§ What you should do: The answer is all of the data repeated exactly, with each picture omitted.

Captioned web image data:
[Start of Attachment]

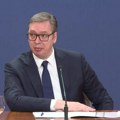Vučić: Trpeli smo teror, ali Srbiju niko neće srušiti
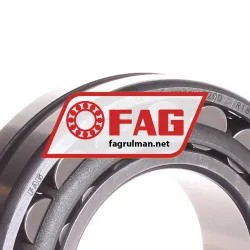 FAG 22210-E1-XL rulman resim 2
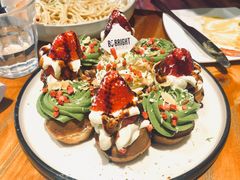 -BE BRIGHT KITCHEN(正佳广场店)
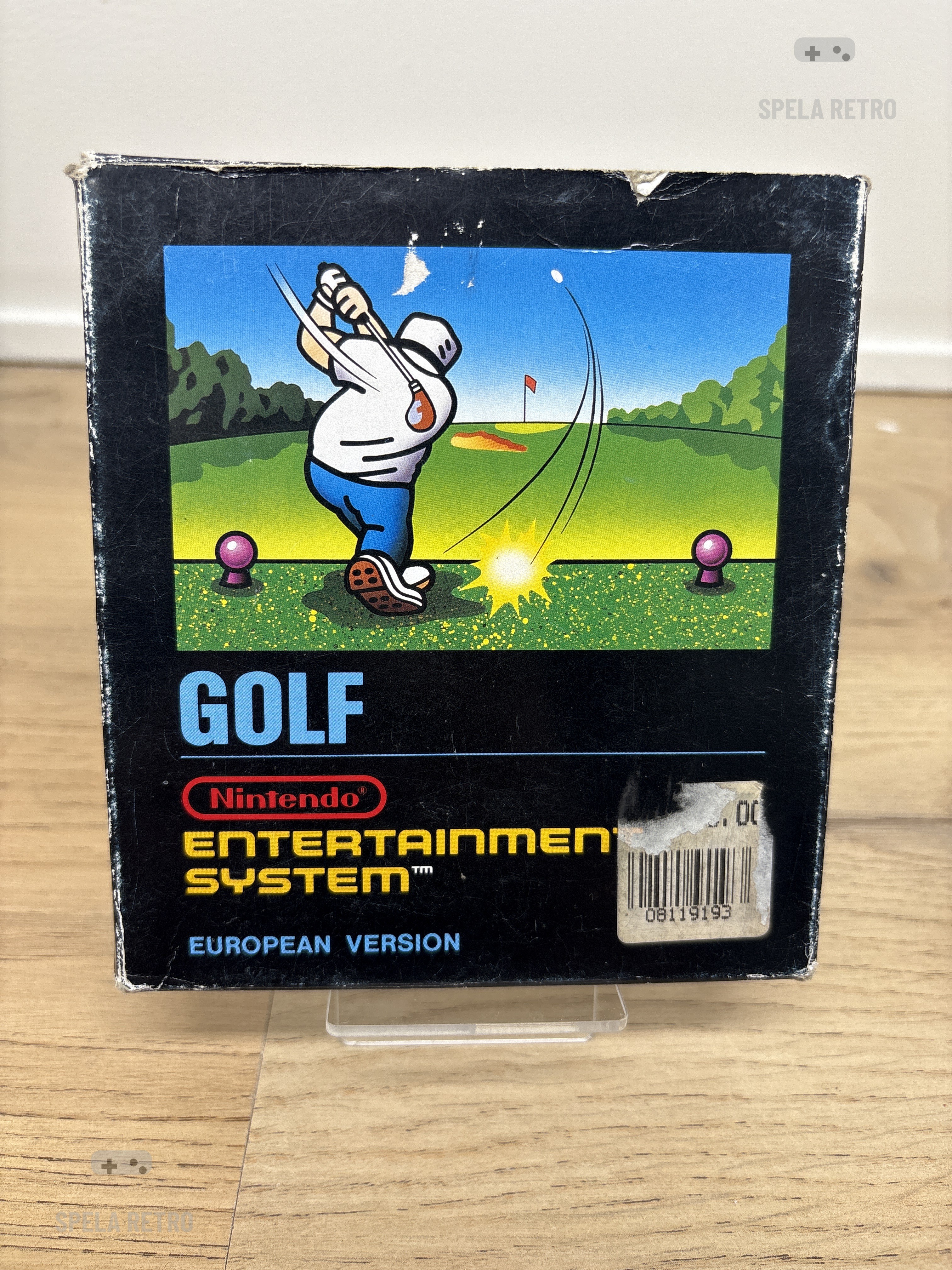 Golf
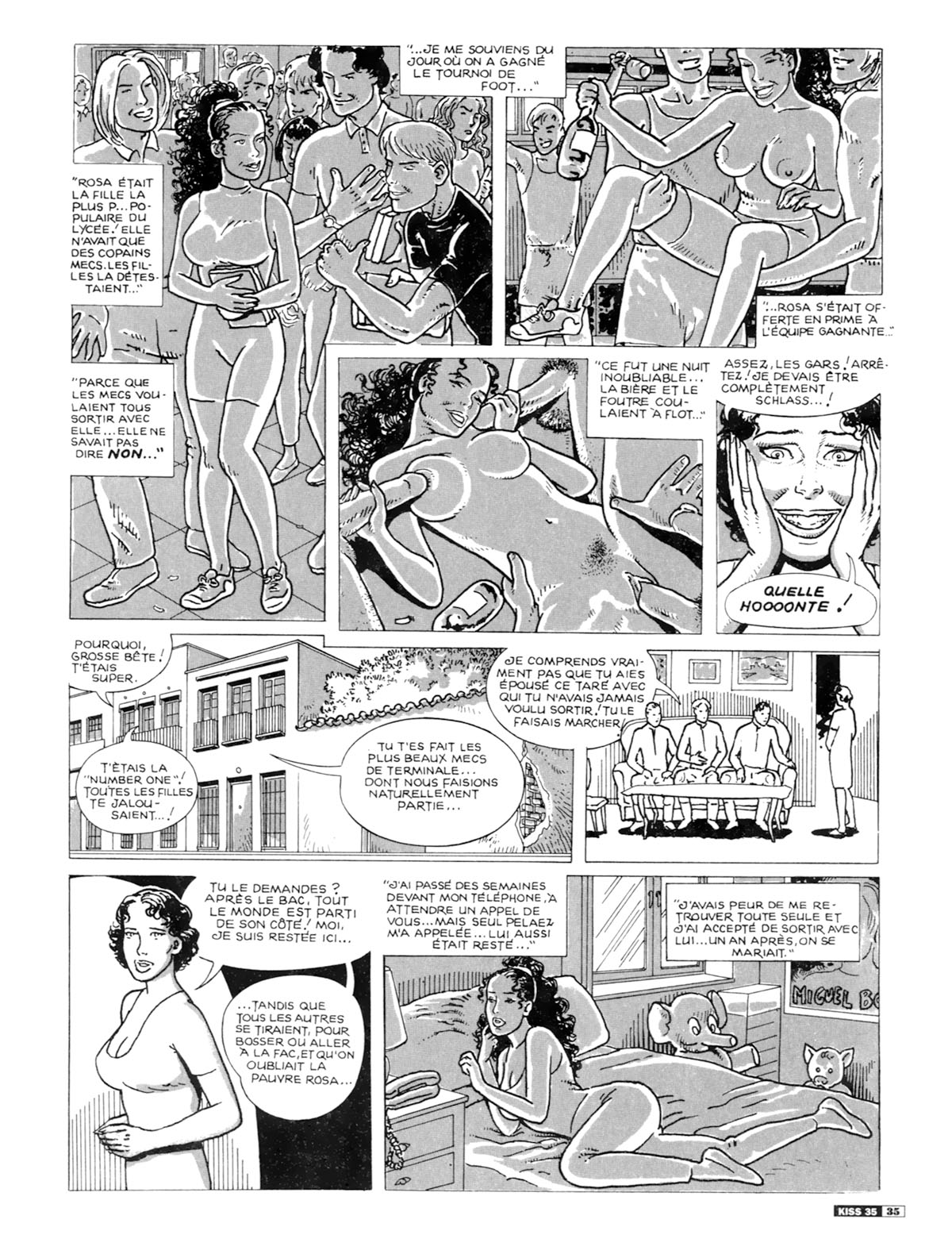etudes en rose page 12 full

[End of Attachment]

§ Output:
Vučić: Trpeli smo teror, ali Srbiju niko neće srušiti
 FAG 22210-E1-XL rulman resim 2
 -BE BRIGHT KITCHEN(正佳广场店)
 Golf
etudes en rose page 12 full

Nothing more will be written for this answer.